We noticed this morning that the eye was reforming on Hurricane Joaquin and the last recon reported flight level winds of 144 kts which translates to 155 mph which puts Joaquin as a borderline Category 5 hurricane. Category 5 hurricanes don’t happen to often. Back in 2005 there were 3 category 5 hurricanes in one year in the Atlantic Basin which is likely not to be repeated in a long time. The latest satellite picture shows the eye that is extremely well defined. There is still time for Joaquin to achieve Category 5 status.
The GFS makes a slight westward shift as the hurricane nears Bermuda and takes the center about 100 miles or so west of the island. This would certainly put in range of tropical storm conditions but the core of the hurricane would pass well offshore on this model’s path. But 100 miles is a very small error.
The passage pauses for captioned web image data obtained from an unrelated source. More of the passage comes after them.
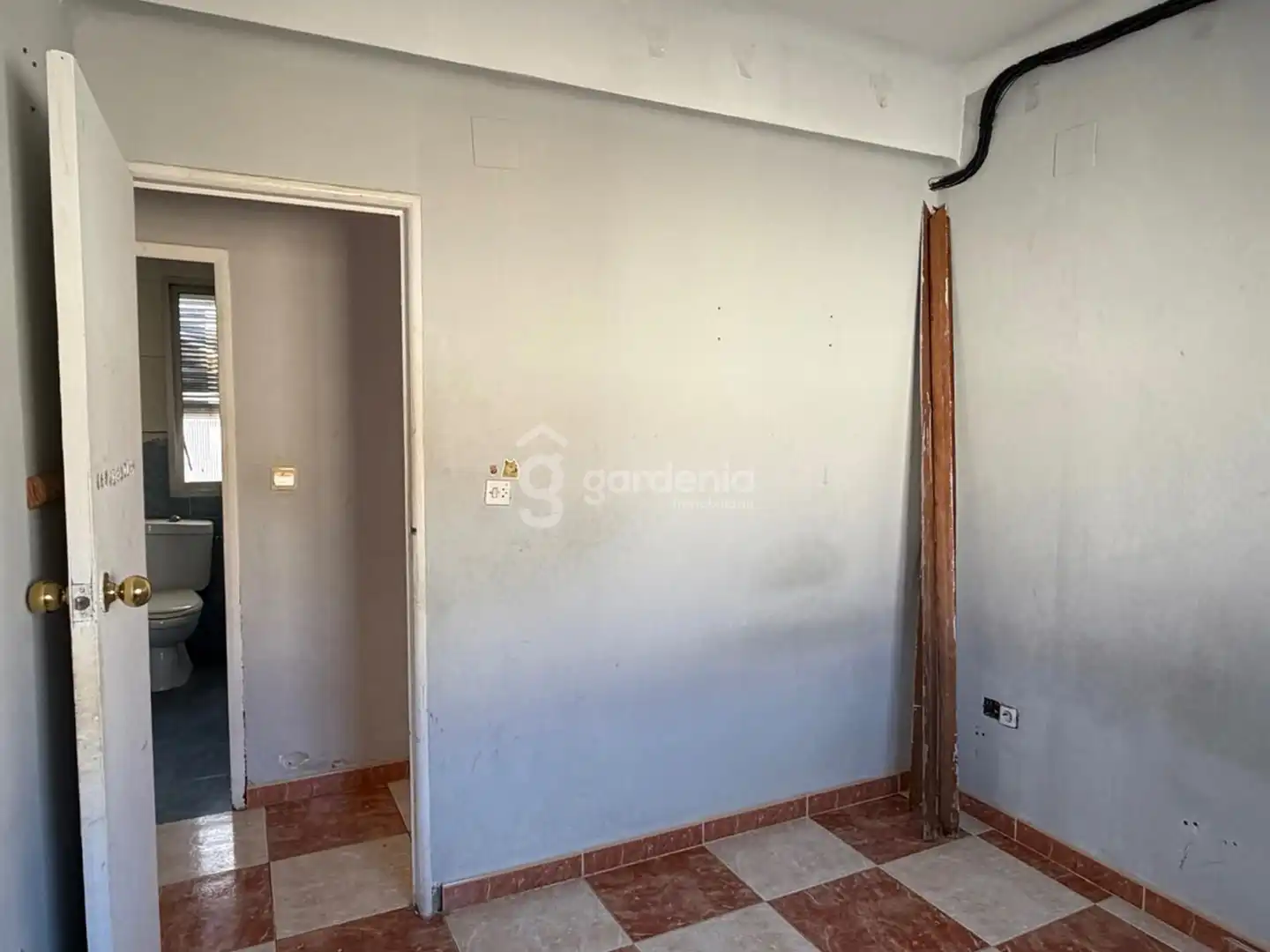 Pis en venda a Guadalcanal, imagen 36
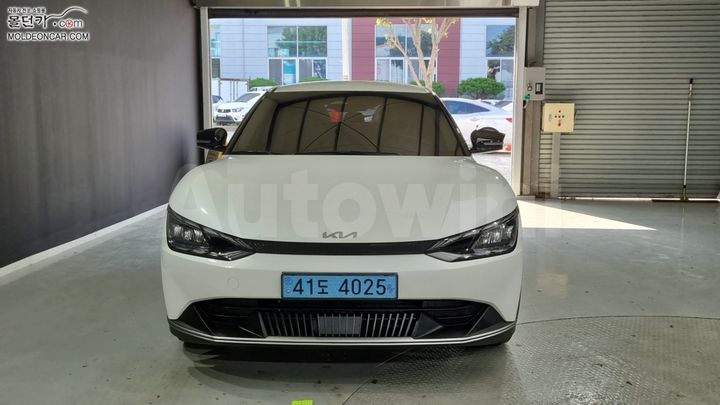 Kia EV6 2022 KNAC281BFNA062846 — 3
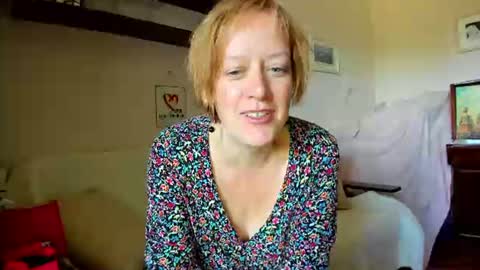 Snapshot of 12ennie chatting on July 17, 7:04 am 12ennie online show from July 17, 7:04 am
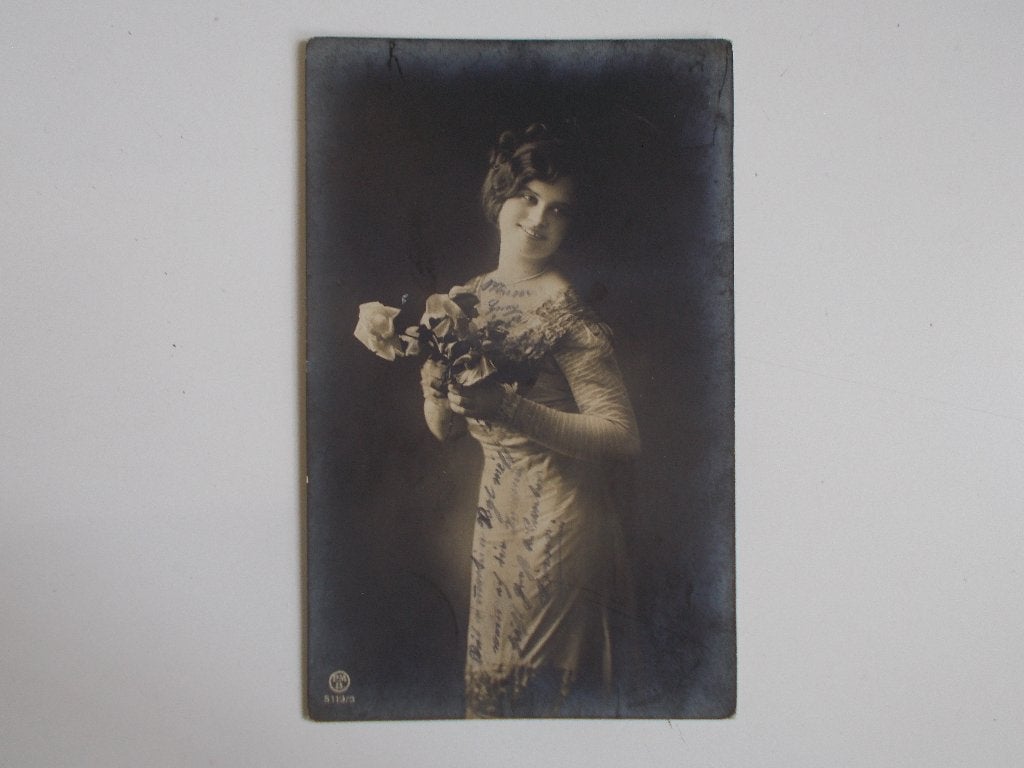 Duitse Rijk, Echte Foto Ansichtkaart Mooie Jongedame 1918., Verzamelen, Ophalen, Voor 1920, Gelopen, Overige thema's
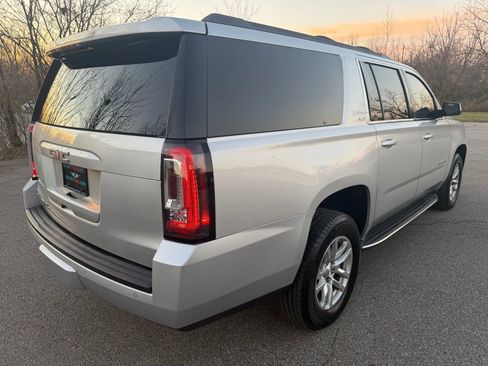 Used 2015 GMC Yukon XL SLT image 3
The European takes it also just left of Bermuda before both models accelerate the hurricane to the northeast. While it is out west of 65 west and on its northeast trip from there, the ocean is going to be very rough here for a few days, espeically having been roughed up by 4 days of northeast winds with our seperate noreaster event. Considering how much tidal flooding occured with no full moon, we honestly should be very thankful that Hurricane Joaquin did not get absorbed or pulled up by that trough and instead got kicked away to the northeast. Otherwise the hurricane would have devestated any shoreline it hit on its path. The next advisory by the National Hurricane Center is due out at 5pm and we will update the forecast if required to.